For this exercise, retype each line of the material below verbatim and omit any picture.
** Data excerpt follows **
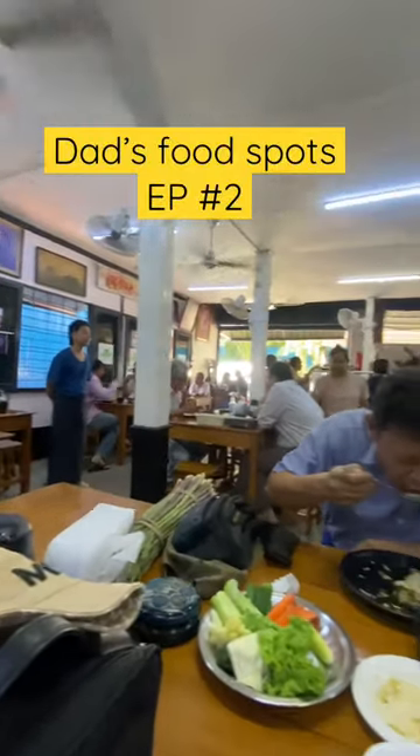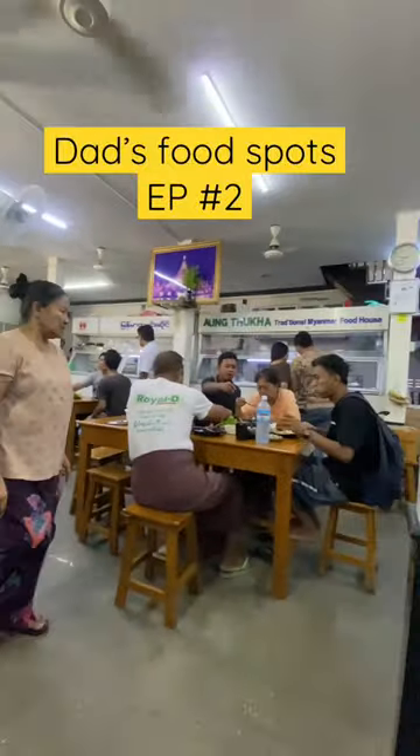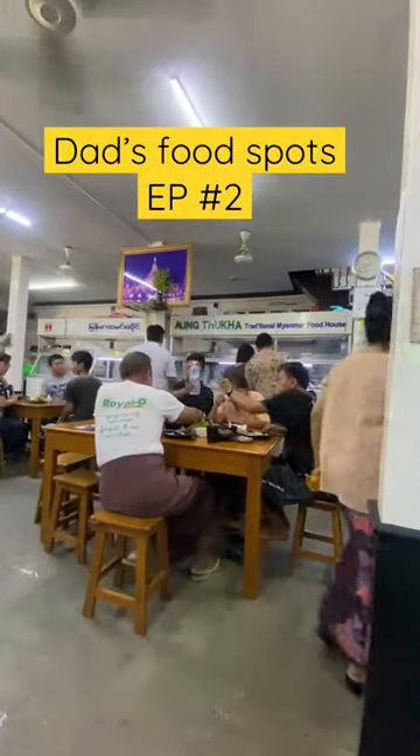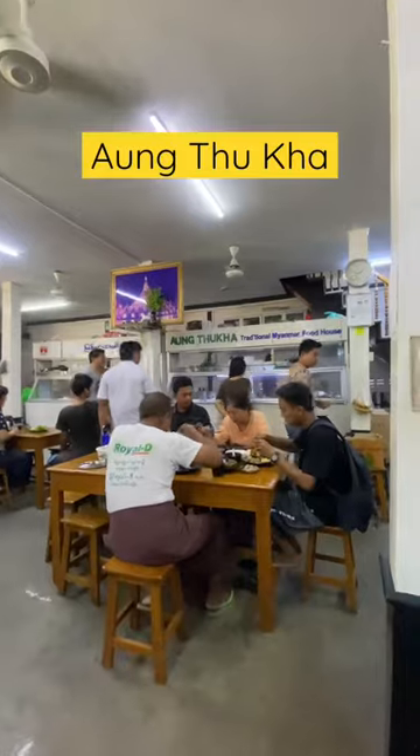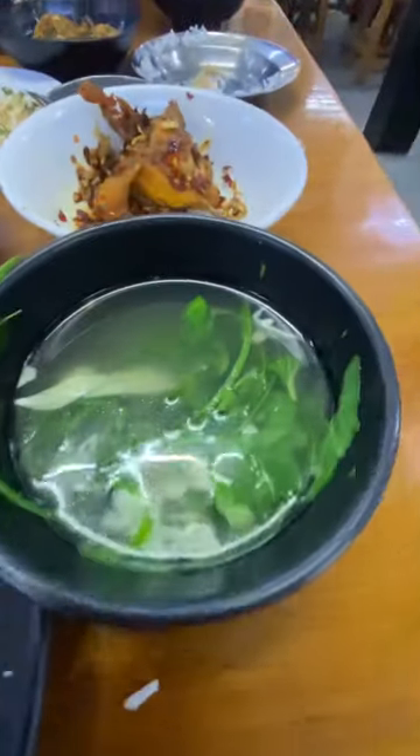Episode 2 of Dad's Food Spots. This place will need no introduction to a lot of the locals — it's called Antuka. What you need to do is just look at what you want to eat at the counter, sit down at your table, and tell the friendly staff what you have chosen, and they'll bring it right out.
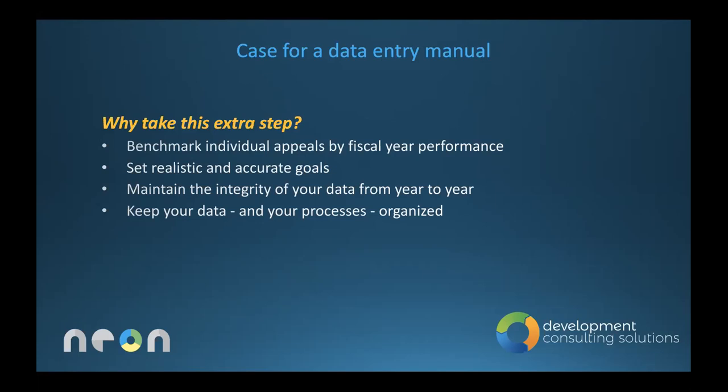Most groups do not have a data entry manual. Why do this? Because garbage in is garbage out. If you do not have clean and consistently maintained data, you will not be able to pull the reports and do the analysis. I do not run a fundraising campaign without knowing the key metrics — how do you measure new donors acquired, donors brought back, if you don't have clean data? And how do you plan next year's strategy if you can't even measure that?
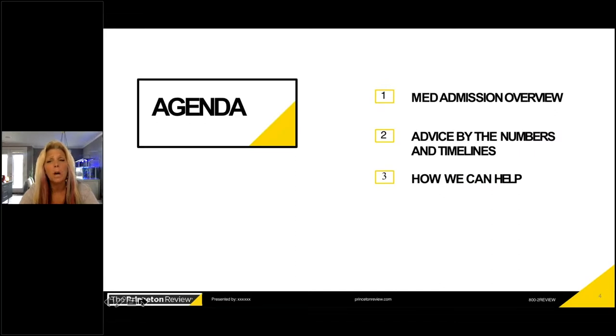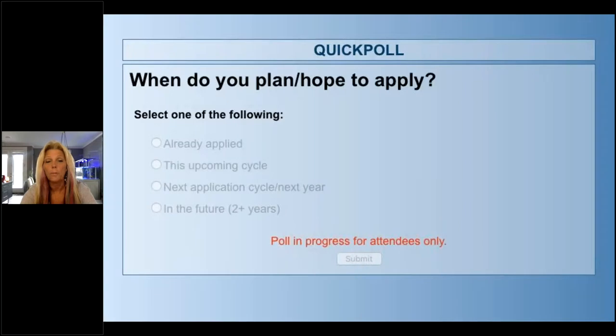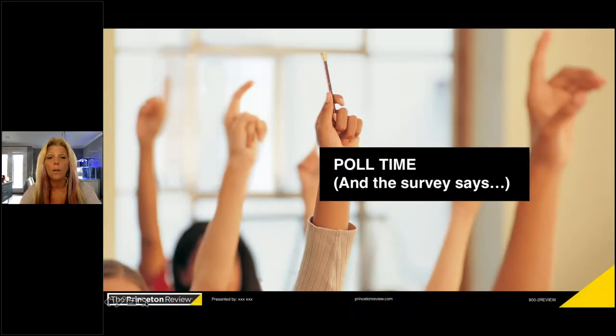Today we'll give you an overview of med admissions, what we're looking for, some advice on timing, and insight on how we can help you get there. Before we start, I'd like to know who I'm talking to. From the poll results, about 90% of you are getting ready to apply, and a few have already applied — which leads me to think some of you are wondering: what if I don't get in this year, or why might I not have gotten in? We'll address all of those perspectives.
** End of Data excerpt **
Solution below:
Episode 2 of Dad's Food Spots. This place will need no introduction to a lot of the locals — it's called Antuka. What you need to do is just look at what you want to eat at the counter, sit down at your table, and tell the friendly staff what you have chosen, and they'll bring it right out.
Most groups do not have a data entry manual. Why do this? Because garbage in is garbage out. If you do not have clean and consistently maintained data, you will not be able to pull the reports and do the analysis. I do not run a fundraising campaign without knowing the key metrics — how do you measure new donors acquired, donors brought back, if you don't have clean data? And how do you plan next year's strategy if you can't even measure that?
Today we'll give you an overview of med admissions, what we're looking for, some advice on timing, and insight on how we can help you get there. Before we start, I'd like to know who I'm talking to. From the poll results, about 90% of you are getting ready to apply, and a few have already applied — which leads me to think some of you are wondering: what if I don't get in this year, or why might I not have gotten in? We'll address all of those perspectives.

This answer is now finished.